Toshiba Memory America focused on capacity and performance with its latest small-form-factor, low-power NVMe-based M.2 solid-state drive that targets high-end workstations, data centers and composable infrastructures.
Composable infrastructure is one of the newer enterprise use cases for M.2 SSDs, which often function as boot drives in servers. Startup Liqid has already signed on to integrate the new Toshiba M.2 SSD into its software-defined composable infrastructure platform.
Unlike heavy-duty data center SSDs, Toshiba's XG6-P M.2 SSD lacks enterprise features such as power loss protection and dual ports. Mike Heumann, a managing partner at G2M Research, said NVMe-based M.2 SSDs are used mainly in scenarios where storage capacity requirements are low and data tends to be static.

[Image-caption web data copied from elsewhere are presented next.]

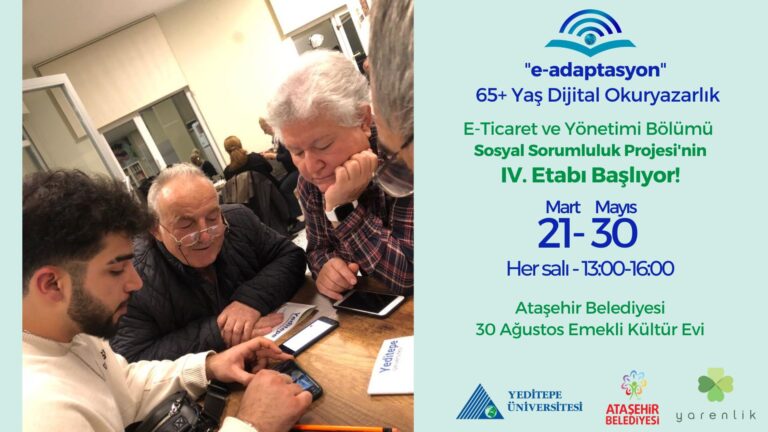 E-adaptasyon 65+ dijital okur yazarlık projesinin 4. etabı başlıyor
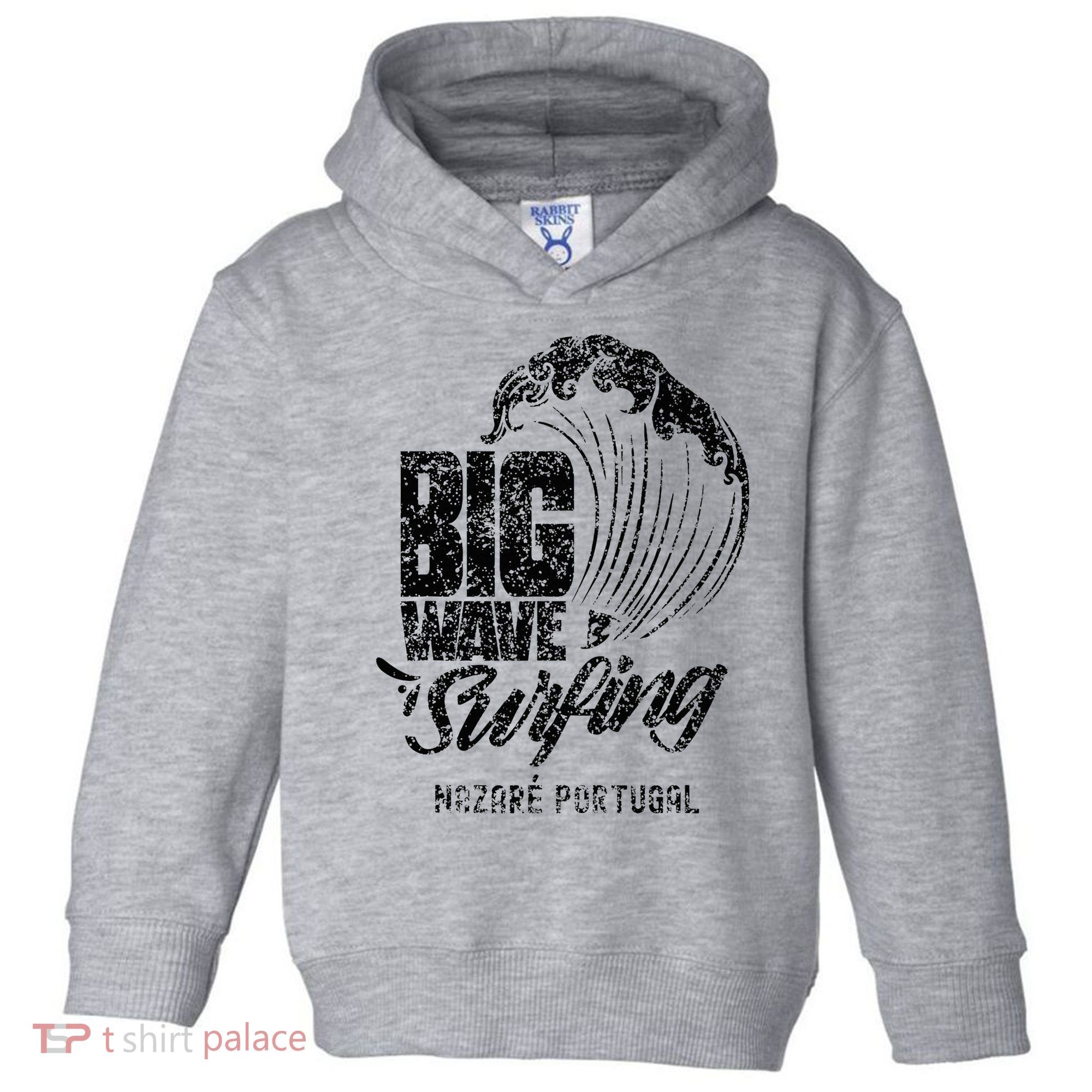 Big Wave Surfing Nazaré Portugal Surfer Surf Toddler Hoodie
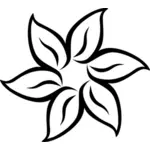 Vector afbeelding van bloem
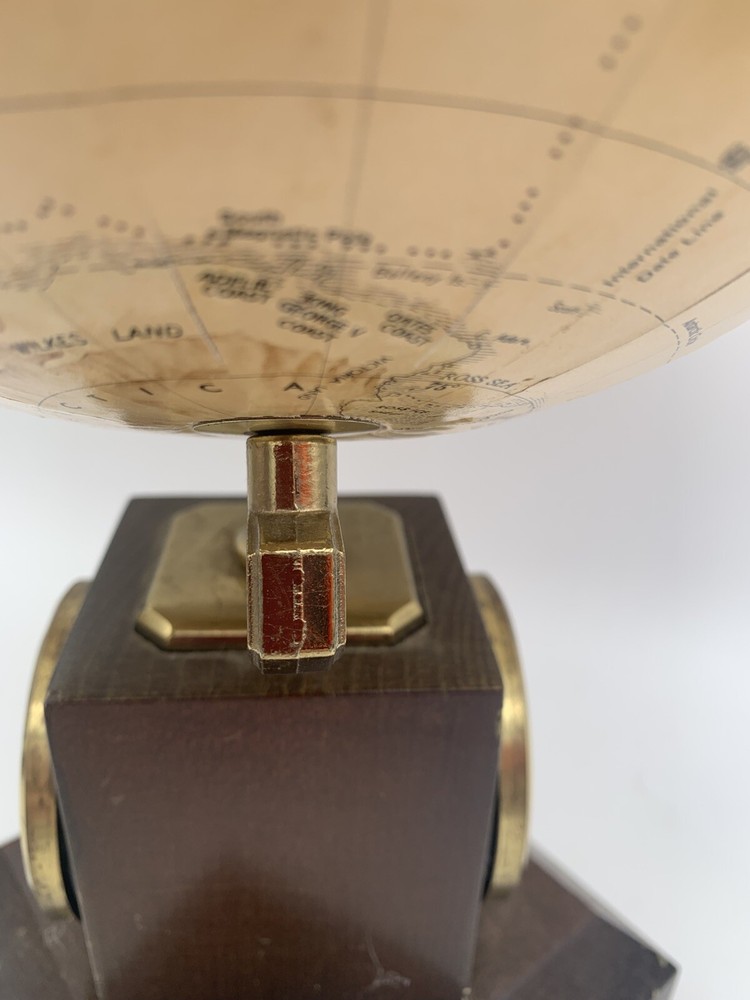 Vintage Replogle Globe Weather Station Thermometer Barometer Hygrometer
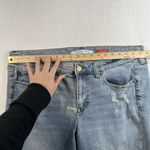 Celebrity Pink Plus 16 The Bestie Mid Rise Girlfriend Jeans Busted Knees Distres Photo 10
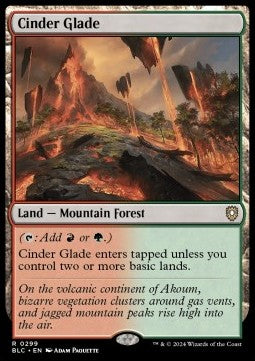 Cinder Glade BLC-299 Rare Near Mint Englisch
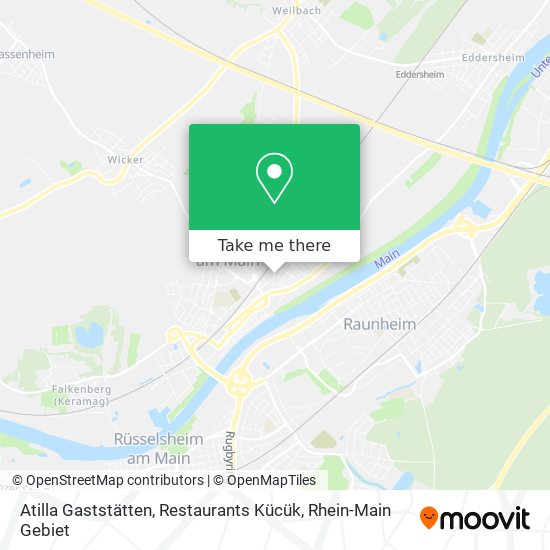 Atilla Gaststätten, Restaurants Kücük map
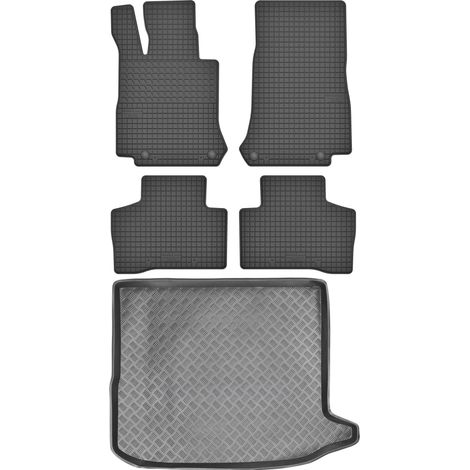 Juego de alfombrillas de goma para coche y alfombrilla para maletero para Mercedes GLC C253 Coupé (2017). (1/5)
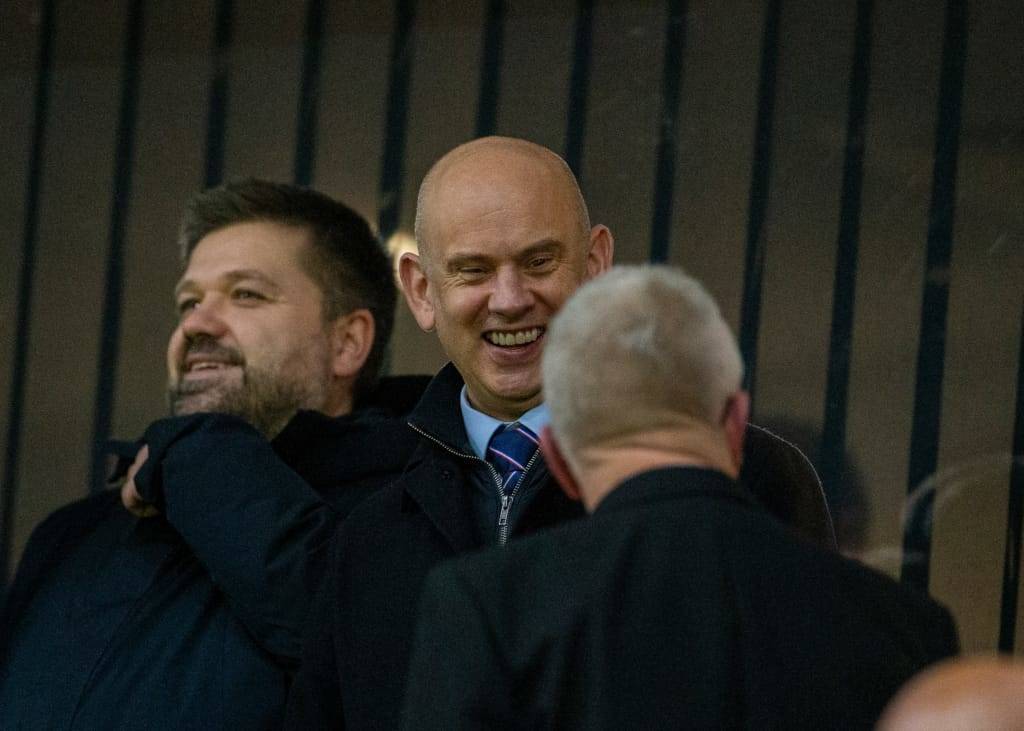 Who do you want as manager? Ibrox CEO confronts angry fan in hotel with amazing question
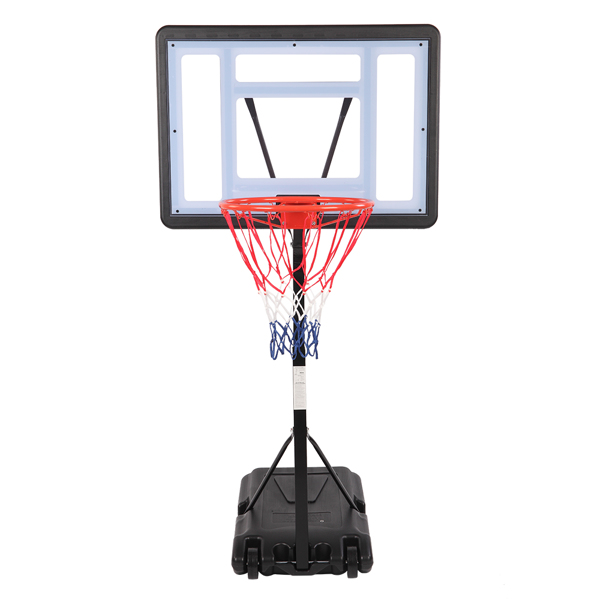 PVC透明板 篮框可调节115-135cm 篮球架 泳池边 最大适用7#球 N002 LX-B064S-3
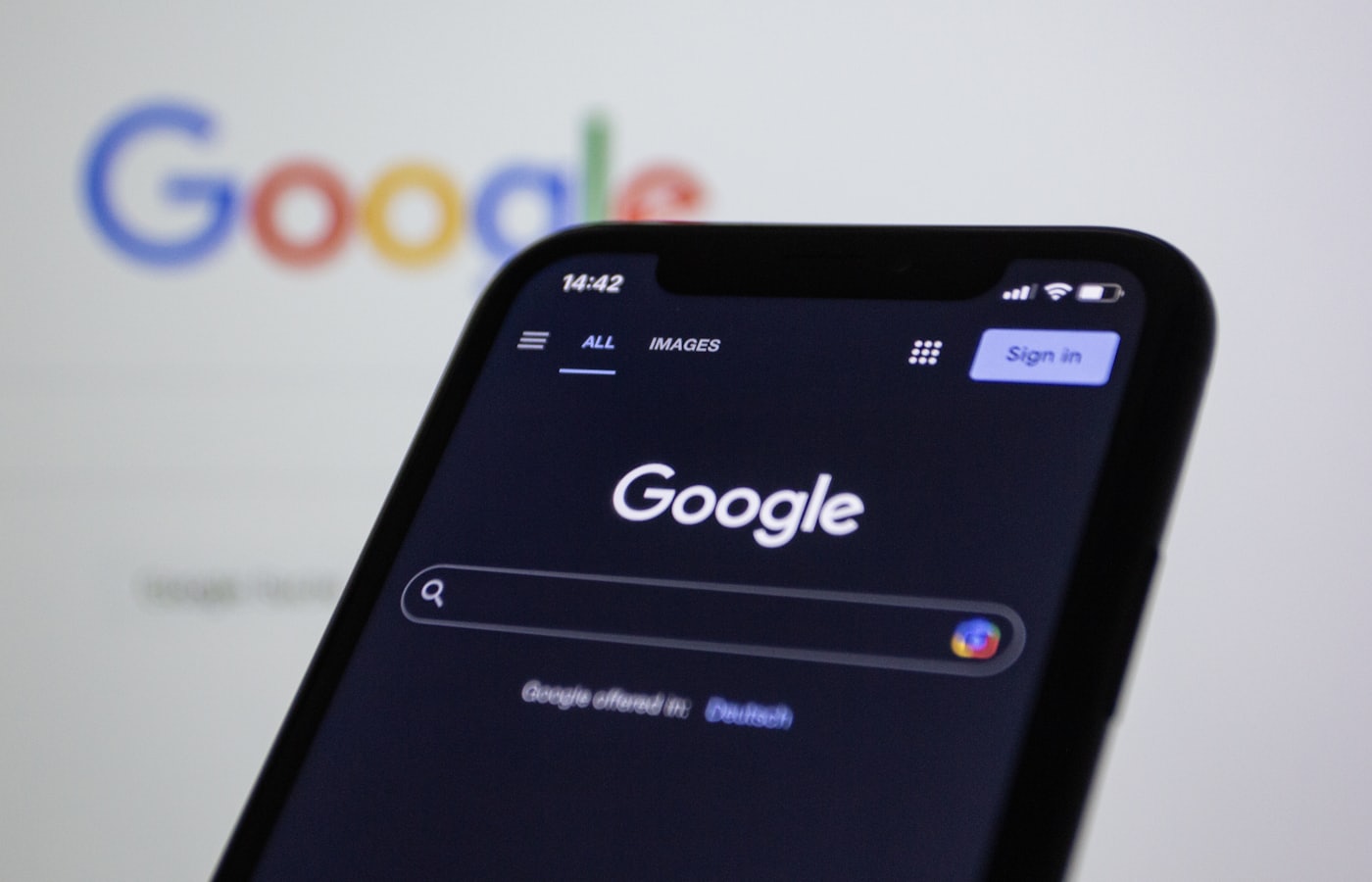 Searching Google on a phone — ranking on page 100 is the same as not ranking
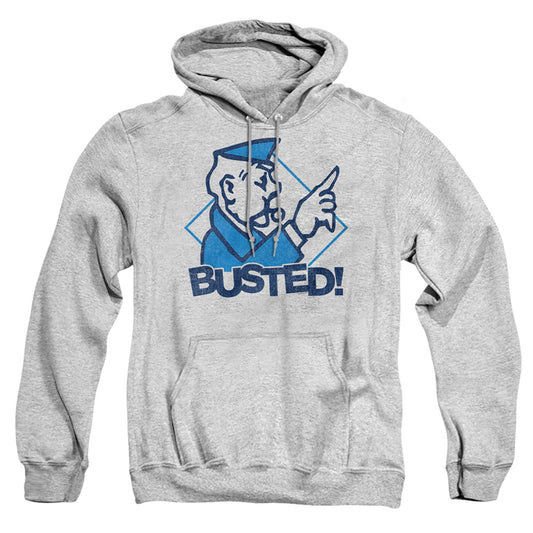 MONOPOLY : BUSTED ADULT PULL OVER HOODIE Athletic Heather SM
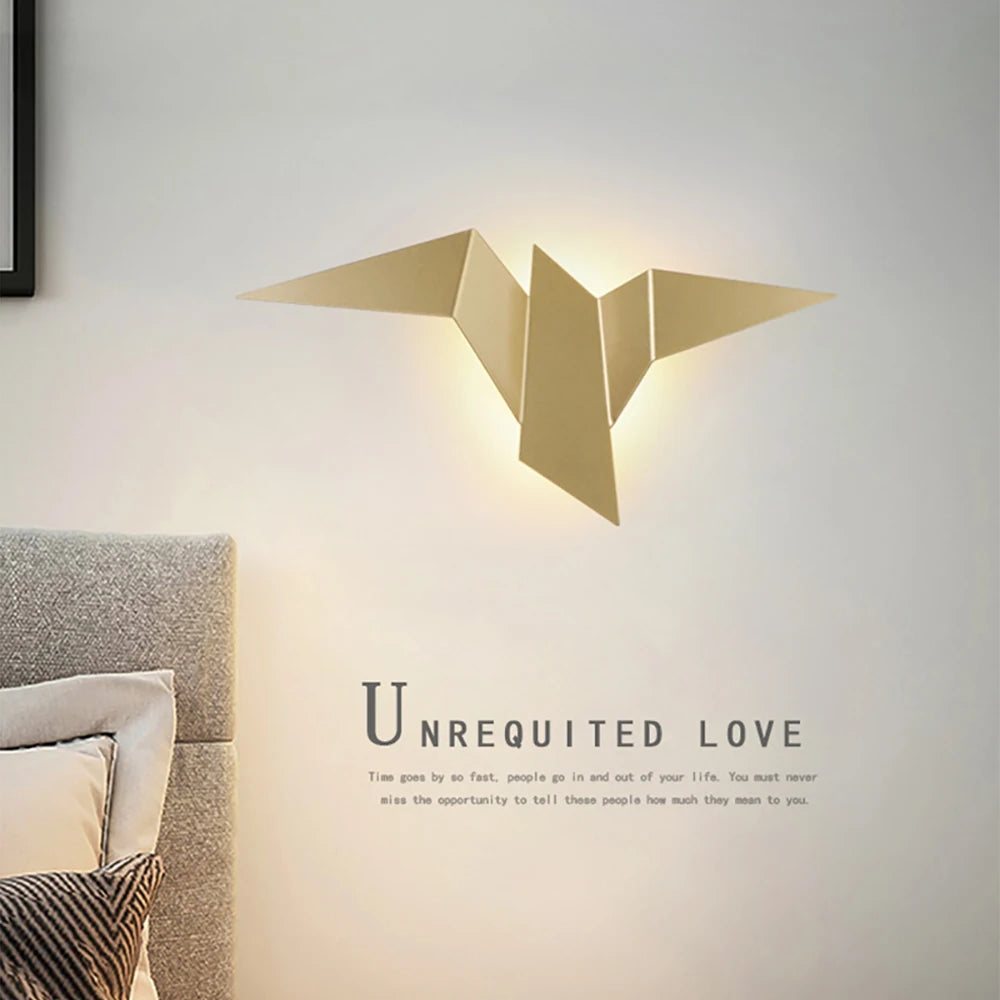 LED bird wall lamp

But Toshiba product line manager Grant Van Patten said the vendor has received requests for higher capacity M.2 client SSDs that respond well under sustained write workloads.
Dense 96-layer 3D NAND
The new XG6-P client SSD uses Toshiba's latest triple-level cell, 96-layer 3D NAND flash technology to facilitate high storage capacity in a small footprint. The new Toshiba M.2 SSD's maximum capacity of 2 TB doubles the 1 TB limit of the XG6 model that shipped at the end of 2018.
"Liqid is a good example of a customer that was asking us for more density," Van Patten said. "In their application, when we deliver a 2 TB drive, that means they can build an 8 TB drive. That enables them to compete in a different class of product themselves."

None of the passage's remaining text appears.